M. A détient donc directement ou indirectement 11 % des droits de vote et droits financiers de SP. Les dispositions de l'article 123 bis lui sont applicables (sous réserve que l'actif ou les biens de la structure soumise à un régime fiscal privilégié soient principalement constitués de valeurs mobilières, de créances, de dépôts et de comptes courants).

28. Observations : Si Mlle A était domiciliée en France, elle entrerait également dans le champ d'application de l'article 123 bis.
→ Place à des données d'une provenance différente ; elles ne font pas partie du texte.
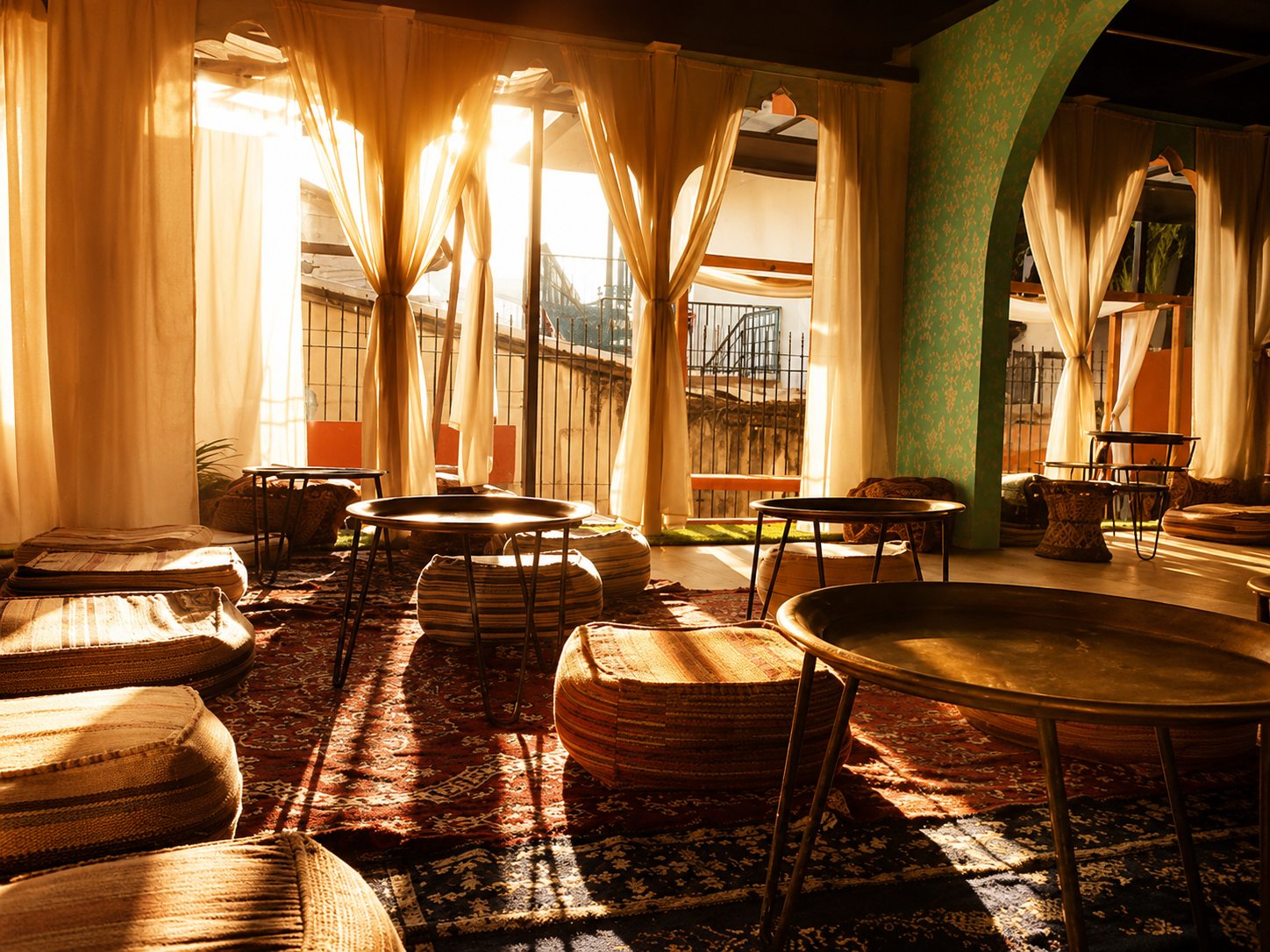 Golden afternoon light across low seating and patterned rugs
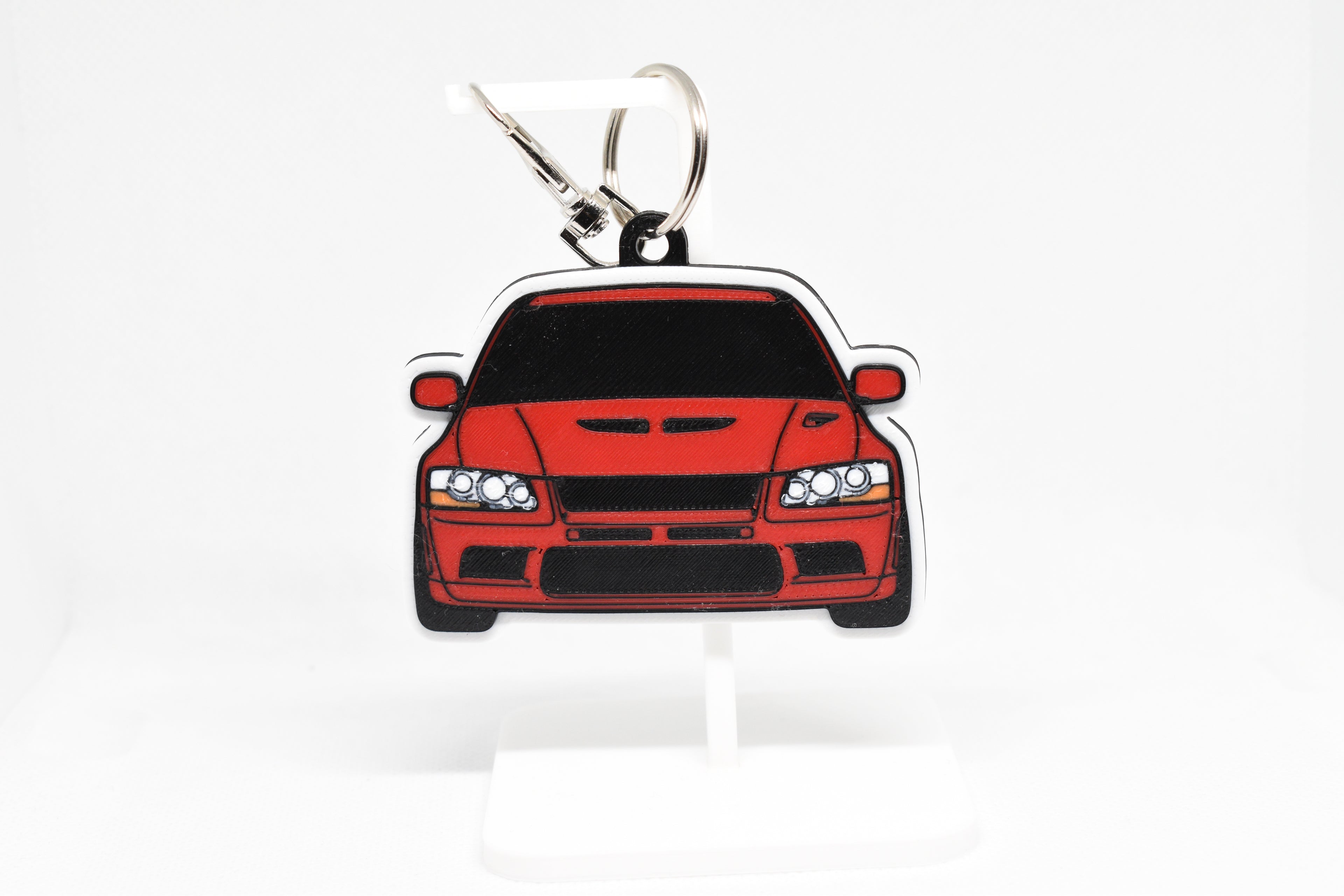 Pocket Motors Evo 7 keychain displayed on a white stand with metal ring and clip.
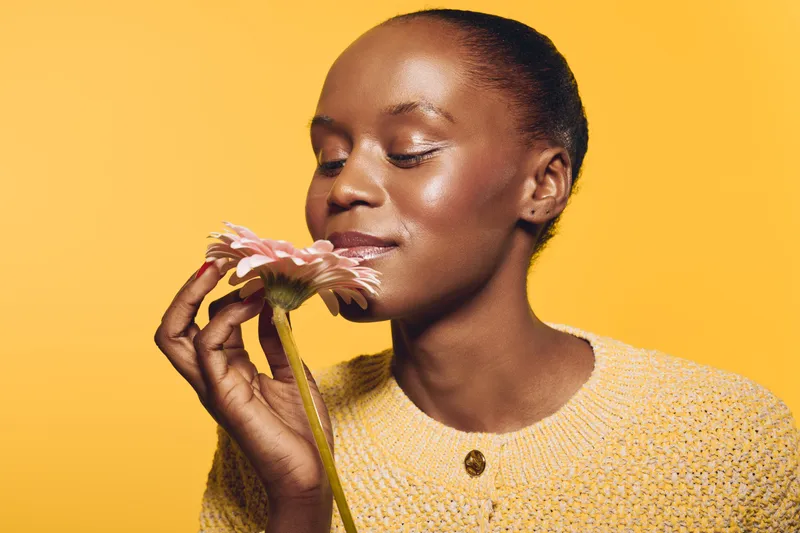 Close-up of an African woman with dark skin holding a pink flower near her face against a yellow background. Concept of natural beauty, floral scent, and peaceful moment.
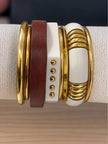 Close-up of gold-toned bangle stack with wood, white resin stud cuff, and coil resin piece on a display roll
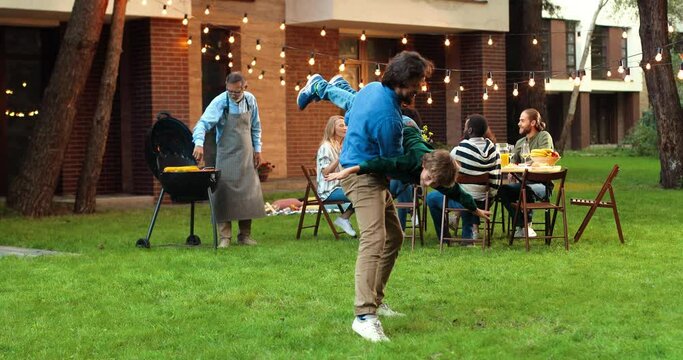 Caucasian cheerful father holding small cute son on hands, swinging and playing at back yard of house on weekend. Family at dinner table on background. Little boy play with dad and laughing laud.
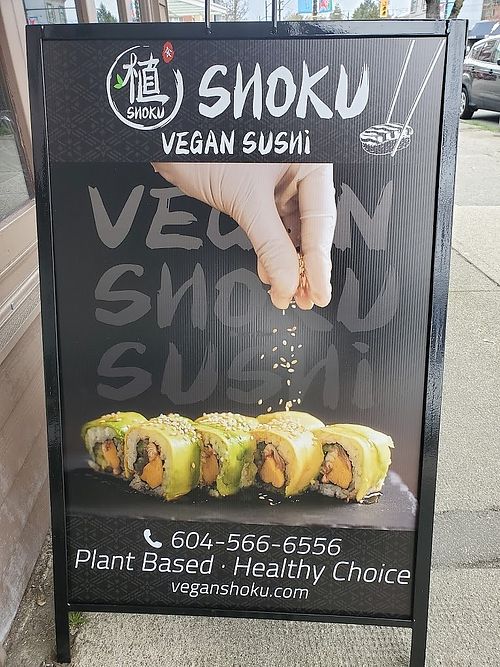 sign outside restaurant at Vegan Shoku in Vancouver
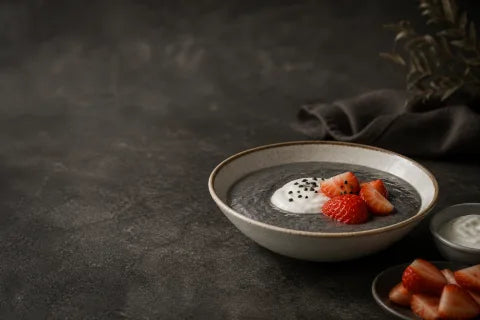 Black Sesame Porridge topped with strawberries and plain yogurt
En effet :

Détention indirecte de Mlle A dans SP

a) droits détenus par l'intermédiaire de la société X : 3 %

b) droits détenus par un ascendant (M. A, son père) : 8 %

Total des droits détenus : 11 %, soit un pourcentage de détention au moins égal à 10 %.

Néanmoins, les bénéfices de SP ne seraient réputés constituer un revenu de Mlle A que dans la proportion des droits financiers qu'elle détient elle-même directement ou par l'intermédiaire d'une chaîne de participations, soit 3 % (cf. n os 58 à 70 ci-après).

Il n'y aurait donc pas dans cette situation de double imposition d'un même revenu au nom de deux personnes distinctes, M. A et Mlle A étant chacun imposable sur la proportion des bénéfices de SP à laquelle sa propre participation lui donne droit.

d) Date à laquelle s'apprécie la quotité détenue

29.L'article 1er du décret n° 99-1156 du 29 décembre 1999 codifié à l'article 50 bis de l'annexe II au code général des impôts prévoit que, pour apprécier si la proportion de 10 % mentionnée au 1 de l'article 123 bis du code général des impôts est atteinte, il y a lieu de retenir le pourcentage de la participation de la personne physique constaté à la clôture de l'exercice de la personne morale, de l'organisme, de la fiducie ou de l'institution comparable, établi ou constitué hors de France ou, en l'absence d'exercice clos au cours d'une année, le 31 décembre.

30.Toutefois, cet article prévoit qu'il y a lieu de retenir le pourcentage détenu pendant au moins 183 jours au cours de l'exercice ou de l'année civile, suivant le cas, s'il est plus élevé que le pourcentage constaté à la clôture de l'exercice ou de l'année civile.

La durée de 183 jours correspond au nombre total de jours de détention durant l'exercice ou l'année civile, cette durée pouvant correspondre à plusieurs périodes discontinues de détention.